Data records
┌────────

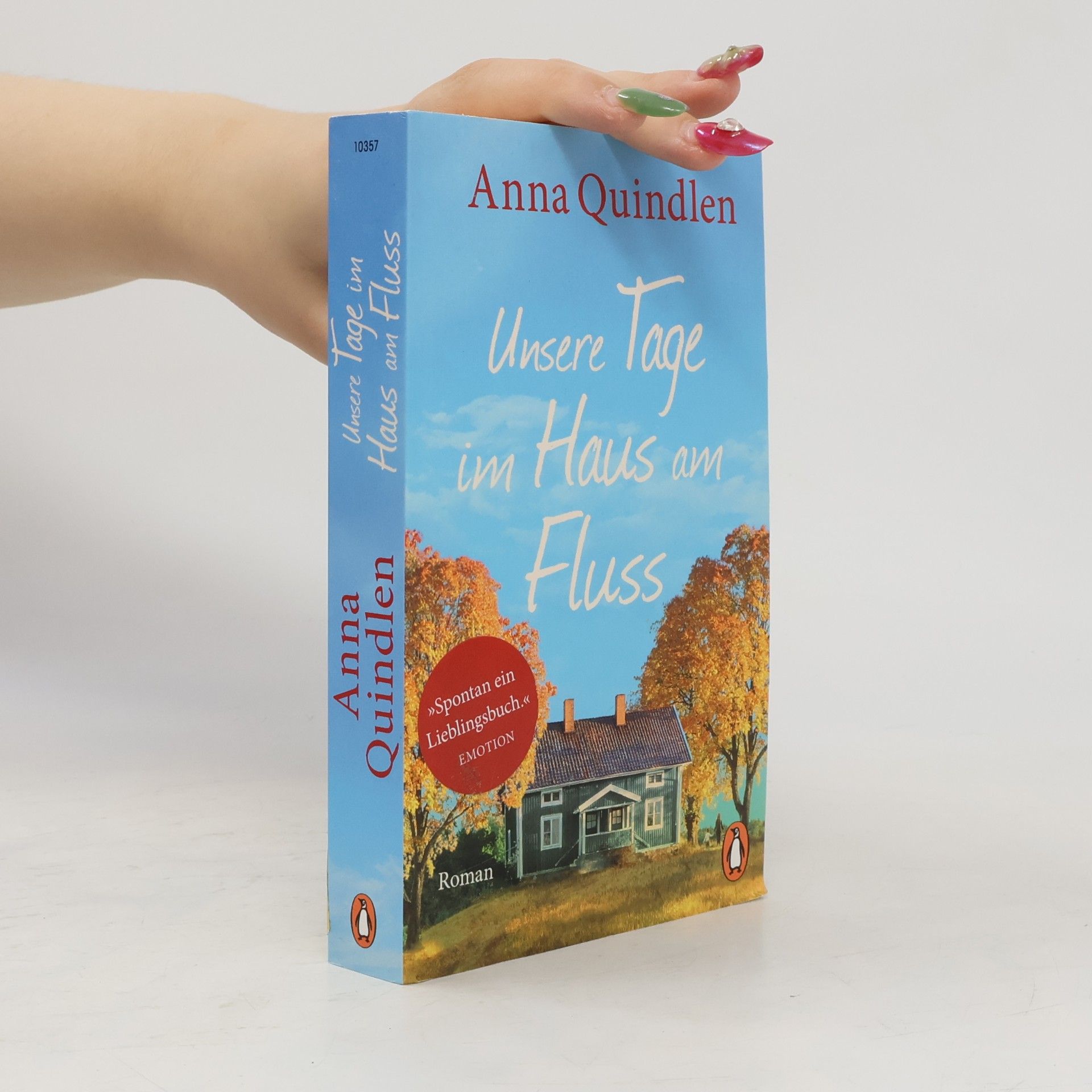 Anna Quindlen Unsere Tage im Haus am Fluss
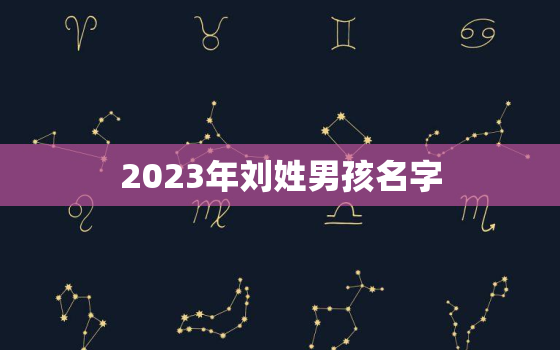 2023年刘姓男孩名字，今年姓刘的男孩名字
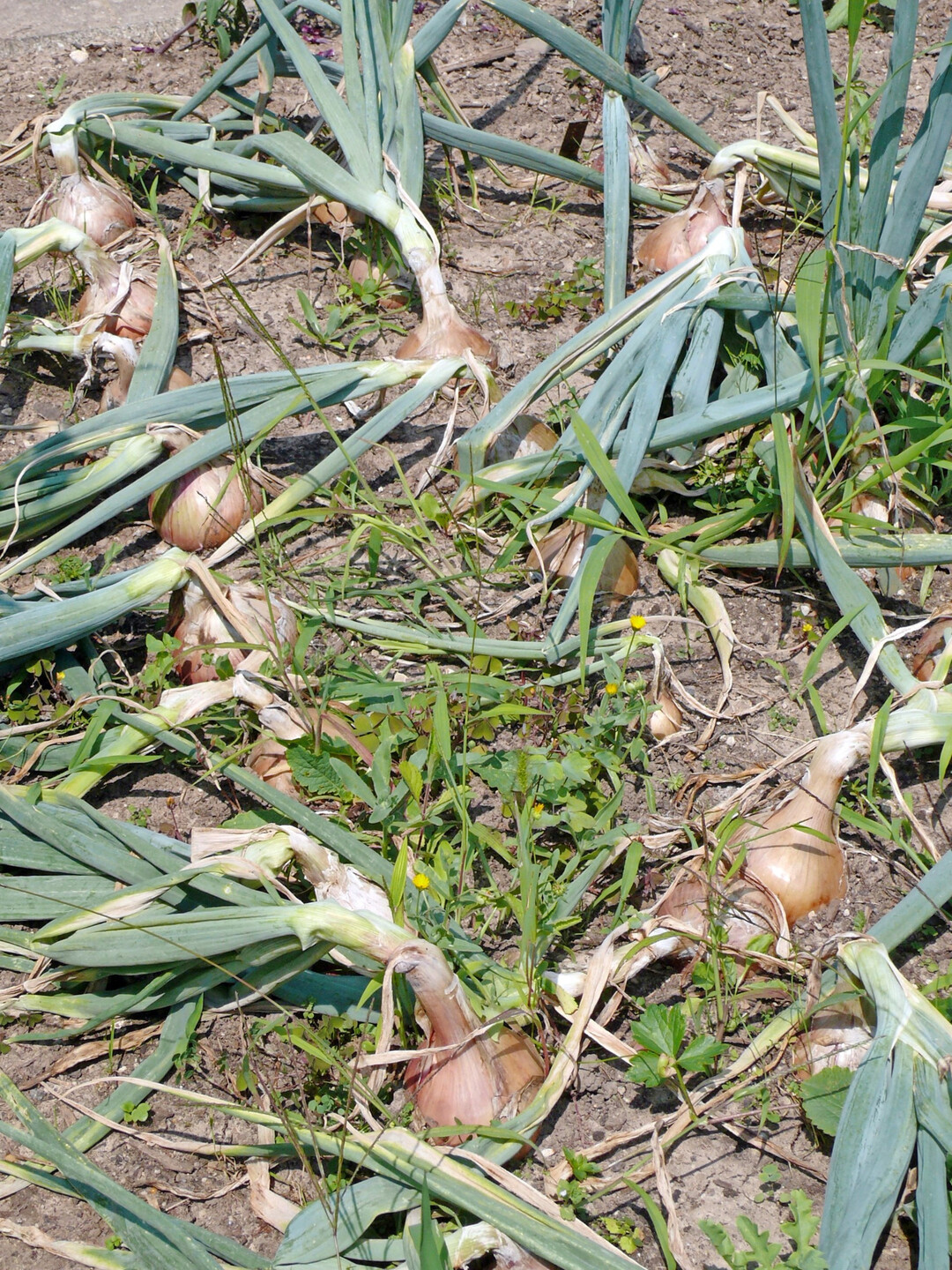 Die Erntezeit von Steckzwiebeln ist am abknickenden und eintrocknenden Laub zu erkennen.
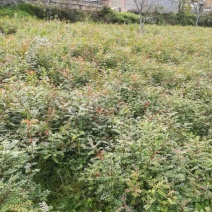 清香木苗
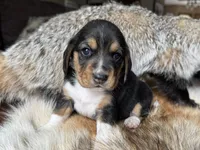 Olivia, a female Beagle for sale in Fordland, MO – 4 of 10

└────────

- The problem
Copy the data above word for word. Pictures stay out.

- Solved problem
 Anna Quindlen Unsere Tage im Haus am Fluss
 2023年刘姓男孩名字，今年姓刘的男孩名字
 Die Erntezeit von Steckzwiebeln ist am abknickenden und eintrocknenden Laub zu erkennen.
 清香木苗
 Olivia, a female Beagle for sale in Fordland, MO – 4 of 10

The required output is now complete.